Exercise aim:
When you reach the line containing "Загибла, поранені, зруйновано" in the data below, reproduce it and every line that follows, exactly and without additions.

Records supplied:
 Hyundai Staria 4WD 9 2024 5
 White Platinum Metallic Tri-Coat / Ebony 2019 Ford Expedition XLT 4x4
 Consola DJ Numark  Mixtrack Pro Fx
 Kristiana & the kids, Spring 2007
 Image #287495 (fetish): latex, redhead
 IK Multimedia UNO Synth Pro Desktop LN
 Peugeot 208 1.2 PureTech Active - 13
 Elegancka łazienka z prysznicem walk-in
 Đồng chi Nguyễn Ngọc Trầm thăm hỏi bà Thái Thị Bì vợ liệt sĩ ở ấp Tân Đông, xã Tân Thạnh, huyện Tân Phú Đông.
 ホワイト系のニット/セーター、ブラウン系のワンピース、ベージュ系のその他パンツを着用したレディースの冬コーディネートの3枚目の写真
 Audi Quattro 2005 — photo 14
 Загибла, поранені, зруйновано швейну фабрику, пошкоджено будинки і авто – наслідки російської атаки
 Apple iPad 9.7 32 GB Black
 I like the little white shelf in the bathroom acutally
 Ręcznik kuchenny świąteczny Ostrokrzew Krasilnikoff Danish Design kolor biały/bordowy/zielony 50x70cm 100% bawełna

Answer to this problem:
 Загибла, поранені, зруйновано швейну фабрику, пошкоджено будинки і авто – наслідки російської атаки
 Apple iPad 9.7 32 GB Black
 I like the little white shelf in the bathroom acutally
 Ręcznik kuchenny świąteczny Ostrokrzew Krasilnikoff Danish Design kolor biały/bordowy/zielony 50x70cm 100% bawełna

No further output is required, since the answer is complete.